WORK ITEM: Only the lines from the beginning of the data below through the line containing "Page 1 de la" belong in the response, each copied exactly.

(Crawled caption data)
—————
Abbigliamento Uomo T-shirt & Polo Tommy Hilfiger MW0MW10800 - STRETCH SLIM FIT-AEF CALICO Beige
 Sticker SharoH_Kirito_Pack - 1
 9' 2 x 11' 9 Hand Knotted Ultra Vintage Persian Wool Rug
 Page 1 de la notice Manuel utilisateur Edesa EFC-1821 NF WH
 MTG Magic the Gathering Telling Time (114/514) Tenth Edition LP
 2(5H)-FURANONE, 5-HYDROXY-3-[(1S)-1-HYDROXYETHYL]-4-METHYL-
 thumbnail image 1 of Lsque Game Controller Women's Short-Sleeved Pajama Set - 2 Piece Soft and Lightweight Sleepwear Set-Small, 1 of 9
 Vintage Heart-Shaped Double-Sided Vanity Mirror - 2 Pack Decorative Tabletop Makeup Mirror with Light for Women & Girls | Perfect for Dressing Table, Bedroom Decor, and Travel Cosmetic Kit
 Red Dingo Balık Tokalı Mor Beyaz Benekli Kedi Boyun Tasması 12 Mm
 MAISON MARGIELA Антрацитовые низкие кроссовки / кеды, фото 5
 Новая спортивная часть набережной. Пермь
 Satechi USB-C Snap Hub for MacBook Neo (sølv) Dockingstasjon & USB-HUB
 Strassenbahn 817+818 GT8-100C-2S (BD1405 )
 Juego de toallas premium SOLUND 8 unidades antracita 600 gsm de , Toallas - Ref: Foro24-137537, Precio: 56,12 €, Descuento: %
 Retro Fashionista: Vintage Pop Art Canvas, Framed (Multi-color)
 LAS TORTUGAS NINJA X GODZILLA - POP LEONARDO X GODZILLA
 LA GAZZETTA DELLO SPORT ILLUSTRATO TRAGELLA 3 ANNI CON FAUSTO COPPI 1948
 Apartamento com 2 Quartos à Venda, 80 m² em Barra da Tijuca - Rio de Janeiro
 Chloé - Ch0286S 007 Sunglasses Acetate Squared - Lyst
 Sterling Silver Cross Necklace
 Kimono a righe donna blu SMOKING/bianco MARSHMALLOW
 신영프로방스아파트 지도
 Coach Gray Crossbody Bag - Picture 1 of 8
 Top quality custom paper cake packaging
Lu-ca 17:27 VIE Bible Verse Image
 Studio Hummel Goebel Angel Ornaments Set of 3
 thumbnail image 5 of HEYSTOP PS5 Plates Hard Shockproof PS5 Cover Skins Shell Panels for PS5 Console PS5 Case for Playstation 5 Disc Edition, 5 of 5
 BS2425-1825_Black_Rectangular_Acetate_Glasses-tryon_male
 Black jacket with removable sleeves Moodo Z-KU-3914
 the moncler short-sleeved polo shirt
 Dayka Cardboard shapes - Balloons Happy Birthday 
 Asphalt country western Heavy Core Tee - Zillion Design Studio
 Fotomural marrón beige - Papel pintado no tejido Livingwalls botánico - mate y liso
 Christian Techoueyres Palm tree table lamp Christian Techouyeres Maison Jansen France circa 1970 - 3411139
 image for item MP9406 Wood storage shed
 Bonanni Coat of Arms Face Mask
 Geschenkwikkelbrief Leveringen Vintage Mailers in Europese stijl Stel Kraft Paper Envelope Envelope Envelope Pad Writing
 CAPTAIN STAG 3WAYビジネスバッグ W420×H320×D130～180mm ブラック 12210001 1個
—————
EXERCISE SOLUTION:
Abbigliamento Uomo T-shirt & Polo Tommy Hilfiger MW0MW10800 - STRETCH SLIM FIT-AEF CALICO Beige
 Sticker SharoH_Kirito_Pack - 1
 9' 2 x 11' 9 Hand Knotted Ultra Vintage Persian Wool Rug
 Page 1 de la notice Manuel utilisateur Edesa EFC-1821 NF WH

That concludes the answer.